When the tomato recall happened in summer 2008, manufacturers were forced to respond quickly with data that showed which lot was produced in which facility, and where and when it was shipped. “Track & trace for those in the process industries, such as food and beverage, is very challenging,” says Karin Bursa, a VP with supply chain software vendor Logility . “With other consumables such as car seats, workers simply look at a bill of material to tie part numbers to a variety of end products.”
Traceability gets more difficult as the amount of raw materials increases and the number of supply chain partners grows, adds Bursa.
“Production operators and copackers may use the same semi-finished goods to make several other finished products,” she says. “Jam or jelly can be sold as a finished product but also can be used for pie filling, which adds another step as well as several layers and levels to the process.”
The Logility Voyager system manages alert notification for a recall by automatically contacting partners via the Internet or alerting customer relationship managers about the issue. “Since speed is of the essence during a recall, having quick access to product data, vendor information, and locations where product last resided is very important,” says Bursa.

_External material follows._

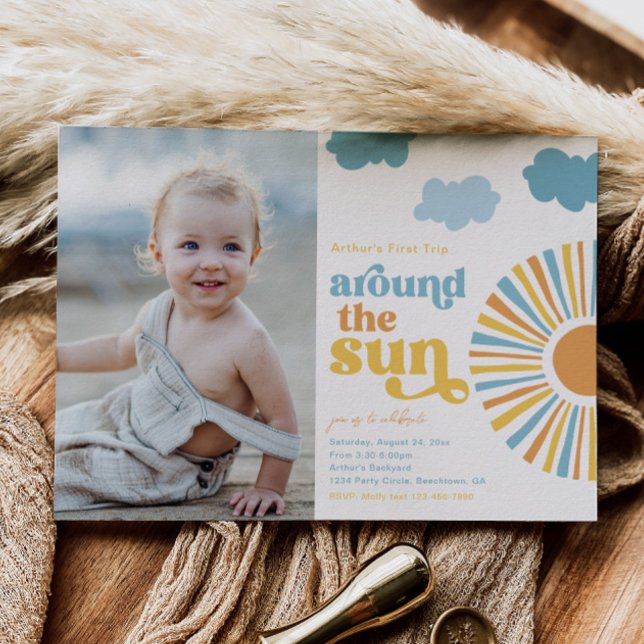 Första Resa runt Sol:s födelsedag Inbjudningar (Skapare uppladdad)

To prepare for potential recalls, Moore, Okla.-based Vaughan Foods enacted a plan to host two mock recalls a year. The event begins with the company’s quality assurance department, which is notified that a mock recall is in effect, and the team has three hours to complete the process.

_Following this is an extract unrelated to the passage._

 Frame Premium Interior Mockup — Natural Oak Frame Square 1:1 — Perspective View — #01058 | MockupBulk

“We must isolate the contaminated product, have knowledge about where the product is in the supply chain, and file accurate and timely reports to the authorities,” says Victor Gramillo, quality assurance manager for Vaughan Foods, a supplier of fresh vegetables, refrigerated deli salads, soups, and fruit. “If there is a quality issue with a product, we need to know when and where the product went, and in what production line.”
|To prepare for potential recalls, Moore, Okla.-based Vaughan Foods enacted a plan to host two mock recalls a year. Once an event is in process, the quality assurance department team has three hours to complete the process. (Photo courtesy Vaughan Foods)|
During routine inspections, hold tags are placed on questionable products using Logility’s Voyager system, allowing users to view which products should not shipped. “Even if a physical hold tag is missing, a bar-code label can serve as an electronic tag, signaling the system to send an immediate alert to operators,” says Gramillo.
Vaughan Foods lost profits resulting from the tomato recall last summer since its customers did not want to buy tomatoes from them, despite Vaughan’s assurance that its supplies were uncontaminated. “We realized we have to minimize risks and take money off the bottom line to prevent any serious problems from occurring,” says Gramillo.
Next up, Gramillo intends to use the mock recall program for marketing purposes, selling the company’s preparedness and proactive stance.
“We can show the results of the mock recalls to potential customers since quality and safety are key considerations in today’s grocery market. Price is still important, but it has moved to the back burner.”